|
Skydaddy, the moniker of London-born Lebanese/Grenadian artist, Rachid Fakhre, has today (10 Jan) released his EP Anchor Chains, Plane Motors & Train Whistles via his own label Bathtime Sounds. To celebrate the release today, Skydaddy embarks on a UK wide tour, with Record Shop instore dates and full band gigs throughout January and February. Full listings below and tickets on sale now.
Offering some words on his new EP, Skydaddy says:
“Anchor Chains, Plane Motors & Train Whistles” – taken from the mouth of George Bailey of ‘It’s a Wonderful Life’, the words symbolise a blind faith in technological advancement. He described these as the “three greatest sounds in the world.” Even a century on, these sound images denote grandeur and expanse. This is what I wanted to achieve in the sound of this forthcoming record: a surrendering of being tied to the old world and an exploration of modern anxieties”
Skydaddy’s sophomore EP “Anchor Chains, Plane Motors & Train Whistles” serves as the follow up to February 2024 EP ‘Pilot’.
The run of singles ahead of the EP include lead track “Mushrooms”, a sardonic pop song, intentionally vulgar in grandeur, drawing on footage of the chemical explosion that devastated Fakhre’s familial country of Lebanon in August 2020. Follow up single “Age of Empires” flows through blooming and wilting passages of flutes, strings and acoustic guitars, a modern chamber folk epic and potentially Skydaddy’s most ambitious arrangement yet. Most recent single “Allicin”, a self declared ‘Lovesong to garlic’, contains all the hallmarks of upcoming EP Anchor Chains, Plane Motors & Train Whistles, as finger-picked guitars gently dissolve into swelling strings and flute.
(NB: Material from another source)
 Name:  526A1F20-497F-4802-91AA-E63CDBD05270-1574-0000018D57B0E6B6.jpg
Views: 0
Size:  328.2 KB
Watch the video for Age of Empires below (video for Mushrooms out next week):
Following the success of Pilot, Fakhre began to work with Balasz Altsach (Katy J Pearson, Broadside Hacks, Ugly, Dave, Central Cee), with the pair working together at Church Studios in London. Fakhre assembled an ensemble of some of London’s most exciting new acts to sing in the choir including members of Back Country New Road, Tapir!, Ugly, Ethan P Flynn & Silver Gore. The only EP track to not have its origins in the UK is the EPs singular love song, who’s birth in the US came during a run of shows promoting the Pilot in LA in April 2024. Charlie Daniels - an engineer at Sunset Sound - reached out to him and offered to bring him in to use the studio. There, Fakhre recorded ‘Allicin’, a song he’d written 3 years before; a Jessica Pratt-inspired love song to garlic.
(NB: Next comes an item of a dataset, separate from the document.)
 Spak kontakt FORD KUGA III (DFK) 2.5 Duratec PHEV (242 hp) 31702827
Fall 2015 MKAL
George Bailey’s words ironically echo over the EP’s closing reprise - the singular moment of intimate, unpolished bedroom exotica.
Skydaddy began life in early 2023 as an offshoot of his previous acclaimed project Spang Sisters. Before releasing any music, there was a buzz around the new project in the London scene - 2 weeks before Fakhre released his first single, ‘That Morning’, he toured the UK with his 7-piece backing band supporting Black Country, New Road. Following that, he spent the rest of that year releasing singles - including ‘Tear Gas’ a collaboration with BC, NR’s Tyler Hyde - that eventually became part of his debut mini-album Pilot.
2 February 2024, the release quickly garnered Skydaddy a reputation for creating unparalleled, beautiful chamber folk and an extraordinary live show. The songs on Pilot demonstrated his compositional prowess and ambitious production and arrangements. As Clash wrote, “‘Pilot’ is a reclamation of the multi-instrumentalist’s Lebanese heritage… careening between ambient-jazz sound collages, marathon orchestral codas and oblique confessionals”. Fakhre took his show on the road on a UK-wide headline tour soon after Pilot’s release, selling out shows in Edinburgh, Brighton and Bristol, finishing with a headline at London’s 100 Club.